Trump has made a hobby out of alienating people, particularly Latino voters who will be crucial to winning the presidency.

As Kasich was bemoaning the craziness of the GOP front-runners, a group of conservative Hispanic leaders representing two dozen organizations met in Colorado and warned the Republican presidential candidates that what they say in the primary will be remembered in the general election.

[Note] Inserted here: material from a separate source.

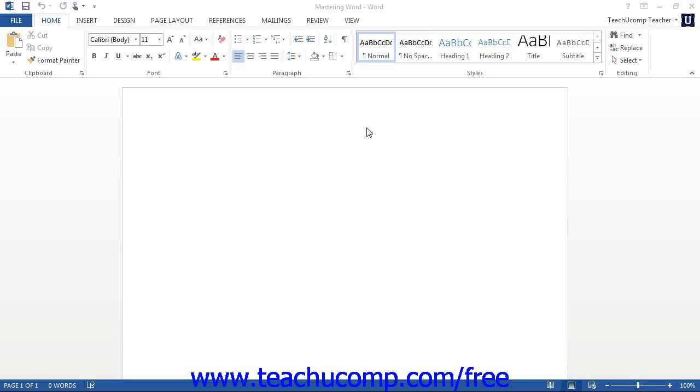The title bar is the bar that runs across the top of the application window. The name of the document that you are working on will be displayed in the center of this bar.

"Heed our warning," said Rosario Marin, who was U.S. treasurer under President George W. Bush. "Don't expect us to come to your side during the general election. You are not with us now, we will not be with you then. You don't need our vote now, you won't have it then. You insult us now, we will be deaf to you then."

Alfonso Aguilar, head of the American Principles Project's Latino Partnership, a group that backs Latino conservative issues and candidates, spoke specifically about Trump, telling Politico: "If Donald Trump is the GOP nominee the Republican party will lose the White House in the next election. So Trump is out, we've excommunicated him. He's done."

That will mean nothing to Trump's fiery supporters, who revel in the real estate mogul's tough-guy immigration rhetoric. But those supporters fail to recognize -- or just don't care -- that they, despite being predominantly white, are in the minority.

Political passion might tell someone that Trump is the perfect outsider for the job of president, but math says that nominating Trump -- or Carson, for that matter -- is the quickest way to get Hillary Clinton into the Oval Office.

What Kasich said -- "I've about had it with these people" -- is what many in the Republican Party are thinking. And it should be echoed on the debate stage tonight by some of the more reasonable and qualified candidates who have been reluctant to point out that Trump and Carson are not just daft but dangerous.

"What has happened to our party?" Kasich asked. "What has happened to the conservative movement?"

Those are good questions. And tonight would be a good time to provide answers.